と、以上が黄金樹の成り立ちに関する推測です。ここからが後半戦。黄金樹により坩堝を吸い上げ、大いなる意志は何を目指したのか。
というわけで再び持ち出したいのが、運命の死を取り除くことで黄金律は成立しているということ。黄金樹から生み出された生命の死を律してしまうことで、生命たちは樹へと還り、皆その為に行動し、その為に生きていく。そうした「回帰」と「因果」を構築することこそが黄金律の役割だと考えます。
(運命の死を取り除くことで神やデミゴッドを不死とした、という考えもあるみたいですが、個人的にはどうかなと思ってます。だって倒せてたじゃんっていう。まあこれも思いついたらそのうち書きます)
- 回帰性原理
- 原理主義は、黄金律を二つの力で説明する
- それ即ち回帰と因果であり、回帰とは 万物が不易に収斂しようとする、意味の引力である
- 因果性原理
- 原理主義は、黄金律を二つの力で説明する
- それ即ち回帰と因果であり、因果とは 万物を関係性の連環となす、意味間の引力である
黄金律とは不易、つまり「いつまでも変わらない」ことを目指した律であり、その成立の為に万物とその意味が互いに影響を及ぼし合う、その仕組み。

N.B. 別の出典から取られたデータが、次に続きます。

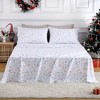 Christmas Printed Cotton Flannel Sheet Set - 2 of 4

それこそが黄金律の役割なのだと、整理すればそんなところでしょうか。しかし知りたいのはその先です。「で、何がしたかった」のか。
これを考える上で重要になる要素が、「忌み」です。
- 忌み水子
- 呪われて生まれた赤子の像
- 忌み赤子は、その醜い角をすべて切られ 大抵はそのまま死んでしまう
- これは、その供養の像である
- どうか、私を恨み、呪わないでください
- 王家の忌み水子
- 黄金樹の王家に 呪われて生まれた赤子の像
- 王家の忌み水子は、角を切られることはない
- その替り、誰にも知られず、地下に捨てられ 永遠に幽閉される
- そしてひっそりと、供養の像が作られる
- 忌み王の追憶
- 祝福なき忌み子として生れ落ちてなお モーゴットは、黄金樹の守人であろうとした
- 愛されたから、愛したのではない
- 彼はただ愛したのだ
また抑えておきたい被差別層がこちら。
- しろがねの凝血
- しろがね人とは、人に創造された生命である
- それ故に、彼らは黄金樹に祝福されぬ 穢れた命であると考える人々がいる
- 翼の混種の遺灰
- 混種は、坩堝に触れた罰の存在であるとされ 生まれながらの奴隷、穢れ者である
- モーンの城 霊体 NPC
- 「…ああ、助けてくれ。俺は貴族なんだ。あいつらに、混ざり者どもに喰われたら、俺も永遠に… ああ、それだけは嫌だ、穢さないでくれ!」
人々の間で生まれる事があるらしい忌み子たち。呪われ、その証として全身から醜い角を生やすそれらは、捨てられるか、角を切られて死ぬか、よしんば生き延びても忌み潰しによって虐殺されてしまう。そんな忌み者たちと同じく「祝福されず」「穢れた」しろがね人や混種たちとは、即ち穢れているが故に死後、黄金樹に還れないのだと、モーンの城の霊体の台詞はそういうことではないでしょうか。そして糞喰いの所業とは、それを人為的に行うことでありました。
- 苗床の呪い
- 糞食いが殺し、穢した死体に生じる呪い
- 忌み角に侵された生乾きの宿痾
- 糞食いは、死体を苗床に呪いを育てる
- そうなれば、もはや死は黄金樹に還ることなく 永遠に呪われたままとなるだろう
- 狭間の地で、最も忌まわしいもののひとつである
- ギデオン・オーフニール
- 「凡愚の意志など、忌み角にも劣る害悪というのに」
ここまでお膳立てを整えて、大いなる意志は「忌み」の部分こそが欲しかった、なんてオチは無いでしょう。劇中での忌み人たちへの扱いを考えた場合、そしてモーゴッドにして自らを呪われていると称したことを加味すると少し考えにくい。また糞喰いのもたらした律とは黄金律を忌み呪い穢すもの。忌みも無忌みも平等に貶めるその末路は、きっと大いなる意志にとって最も回避すべきものでした。
- 忌みシリーズ
- 角を切られた忌み子を模した、異形の兜
- 糞食いの装備
- それは彼の心象風景の現れであり 姿見に見た、己の真の姿であるという
- 忌み子の心、そうでない姿 こんなにも苦しいことがあるものか
- だったら全て、呪われるがいい
これは余談ですが、糞喰いは忌み人の間に生まれた普通の人間だったのではないかとちょっと思ってます。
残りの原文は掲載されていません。